Filhos que pretendem interditar pais porque estão idosos, mas que não tem necessidade isso será provado no local. “Nós questionaremos o idoso lá e, dependendo da resolução, isso se tranquilizará porque muitas vezes se tem brigas que demoram muito tempo e marcam famílias no período que o idoso mais precisa de harmonia familiar”.

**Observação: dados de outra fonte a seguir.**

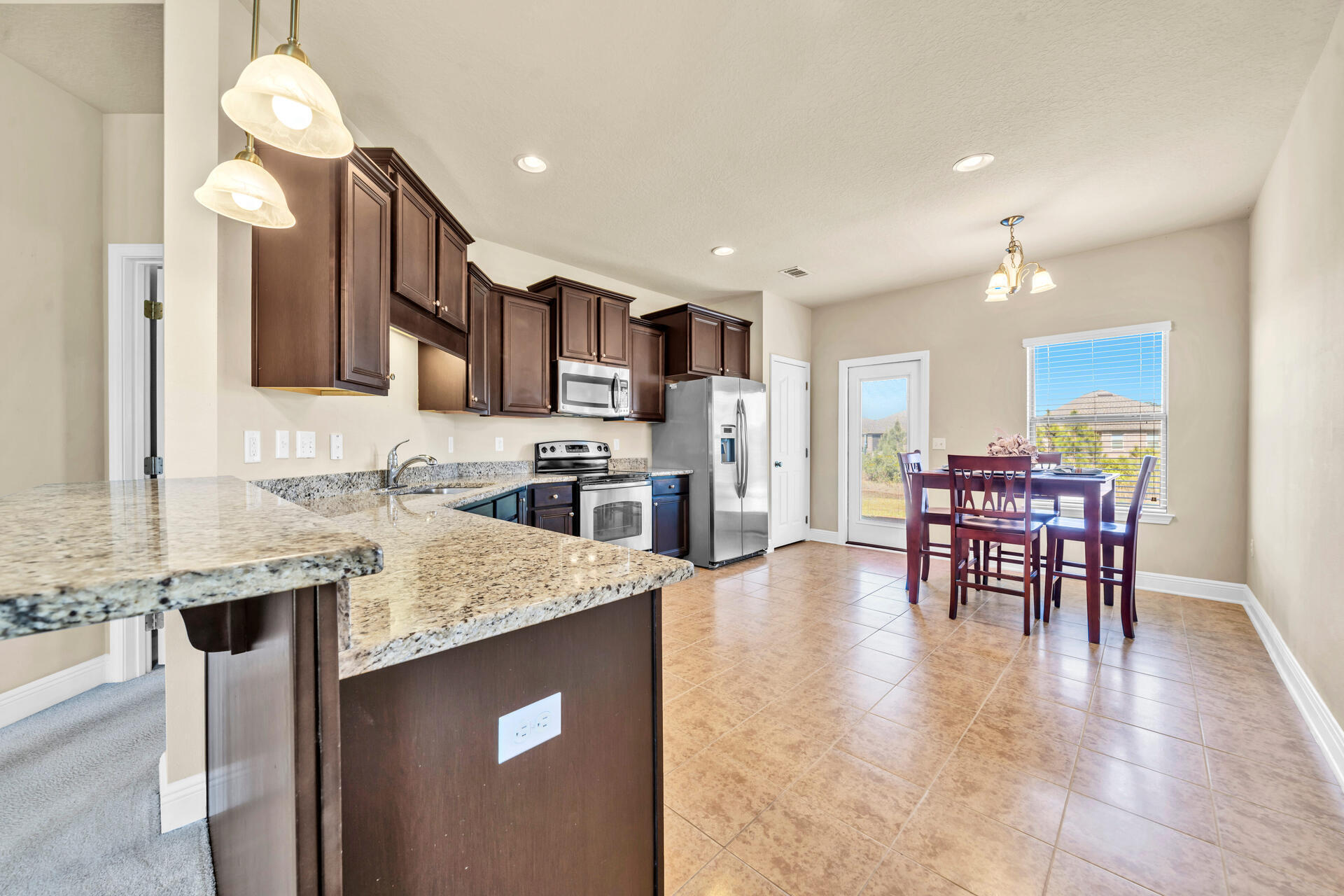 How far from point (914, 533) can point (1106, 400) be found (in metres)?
1.96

O juiz pretende fechar aproximadamente 300 processos em dois dias, processos esses que demorariam anos para seguir. “Se o idoso tiver dificuldade para locomoção, é só ficar alguém que um celular que possa fazer uma chamada de vídeo, vá para o fórum com um que possa ligar que faremos por videoconferência. Se não tiver celular, acharemos uma solução. Nem que seja pedir ao oficial de Justiça para fazer essa entrevista. Para quem tiver interesse em uma solução, estaremos fechando qualquer negócio para poder atender bem a população e as necessidade previdenciárias das pessoas. Quem realmente estiver doente, vai conseguir ser interditado e receber os benefícios do Estado”.
A pessoa pode ser interditada a partir dos 18 anos. “Chegou à maioridade e não consegue exercer os elementos da sua vida civil, pode ser interditada. E tem estágios intermediários também. Não quer dizer que a pessoa perderá toda a sua capacidade civil, ela perde uma parte se conseguir administrar alguma coisa”, finalizou.